One thing we’ve talked about before which I think is worth reflecting on is that writing is a form of thinking. For me, and I think for others too, writing is a thought process. There are shower thoughts or thoughts that occur during a walk in the woods, but this is different. Writing is an active process of thinking out loud. It’s a conversation we’re having, first, with ourselves, and ideally later with an audience. Because it’s a conversation, you have to start somewhere and you may not know exactly where it is going to end.

TOBIAS: I agree. You don’t have to have the whole thing fully worked out before you start writing. In fact, you probably shouldn’t if you want to write more frequently. For each piece we worked on, a lot of my thinking changed throughout the course of writing it.

KATIE: That’s why I say just write and come back to edit later. Even the most intelligent and brilliant thoughts don’t always come out in a perfect stream or in perfect form. A good way to encourage people to write is to remind them that it all starts with just a bunch of words on a page, an accumulation of thoughts — and there ought to be no barrier to who can have thoughts about a given subject. Chances are, if you’re even tempted to write about something, it’s something you know and care about.

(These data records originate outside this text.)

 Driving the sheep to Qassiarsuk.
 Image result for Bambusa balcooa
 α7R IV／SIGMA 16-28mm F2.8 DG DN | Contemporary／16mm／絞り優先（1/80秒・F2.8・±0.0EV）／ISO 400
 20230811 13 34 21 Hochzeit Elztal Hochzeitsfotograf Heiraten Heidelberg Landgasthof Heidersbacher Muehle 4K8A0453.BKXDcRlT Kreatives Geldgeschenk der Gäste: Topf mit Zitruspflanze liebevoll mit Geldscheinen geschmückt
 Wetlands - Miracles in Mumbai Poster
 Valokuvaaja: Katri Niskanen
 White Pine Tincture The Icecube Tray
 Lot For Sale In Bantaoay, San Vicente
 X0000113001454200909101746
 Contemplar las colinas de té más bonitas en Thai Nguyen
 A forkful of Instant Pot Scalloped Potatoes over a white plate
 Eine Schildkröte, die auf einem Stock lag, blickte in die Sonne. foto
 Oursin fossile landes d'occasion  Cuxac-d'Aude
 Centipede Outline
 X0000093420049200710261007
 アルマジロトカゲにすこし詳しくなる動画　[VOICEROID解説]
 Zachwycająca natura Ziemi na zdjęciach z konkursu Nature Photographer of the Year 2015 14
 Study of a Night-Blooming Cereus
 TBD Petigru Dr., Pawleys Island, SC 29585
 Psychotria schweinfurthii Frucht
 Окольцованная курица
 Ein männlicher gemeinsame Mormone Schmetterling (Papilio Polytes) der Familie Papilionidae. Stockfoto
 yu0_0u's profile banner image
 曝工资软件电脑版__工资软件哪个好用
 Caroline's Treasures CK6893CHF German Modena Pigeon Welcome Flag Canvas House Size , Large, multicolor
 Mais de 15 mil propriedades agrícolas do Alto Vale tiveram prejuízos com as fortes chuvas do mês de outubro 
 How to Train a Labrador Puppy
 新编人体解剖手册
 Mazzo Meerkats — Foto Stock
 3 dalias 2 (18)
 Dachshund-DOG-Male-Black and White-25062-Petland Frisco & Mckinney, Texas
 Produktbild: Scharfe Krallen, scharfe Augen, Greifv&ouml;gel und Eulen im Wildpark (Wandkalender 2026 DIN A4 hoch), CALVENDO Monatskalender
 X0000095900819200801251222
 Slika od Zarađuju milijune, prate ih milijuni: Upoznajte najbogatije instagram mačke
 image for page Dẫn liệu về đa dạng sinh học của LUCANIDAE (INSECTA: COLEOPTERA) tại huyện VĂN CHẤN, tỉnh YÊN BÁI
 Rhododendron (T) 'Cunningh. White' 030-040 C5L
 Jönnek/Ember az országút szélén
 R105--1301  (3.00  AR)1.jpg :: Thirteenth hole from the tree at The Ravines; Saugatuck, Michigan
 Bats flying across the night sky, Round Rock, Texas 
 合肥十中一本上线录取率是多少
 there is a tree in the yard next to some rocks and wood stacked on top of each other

TOBIAS: Everyone has had a unique career. There’s lots of people with twenty years in the military, ten years, five years, or maybe one year, who have done interesting things and have something to say. If I could go back to the beginning, I would have found a writing coach earlier to unlock my writing instead of waiting toward the last part of my career to really get started.

 

Catherine Putz is managing editor of The Diplomat. Besides managing and editing, she writes about Central Asia and Afghanistan. She is also a writing coach, specializing in helping academics and national security professionals write for broader audiences.

Tobias Switzer is an active-duty Air Force officer currently serving as a military fellow at the Center for Strategic and International Studies. The views expressed in this article are those of the author and do not necessarily reflect the official policy or position of the U.S. Air Force, the Department of Defense, or the U.S. government.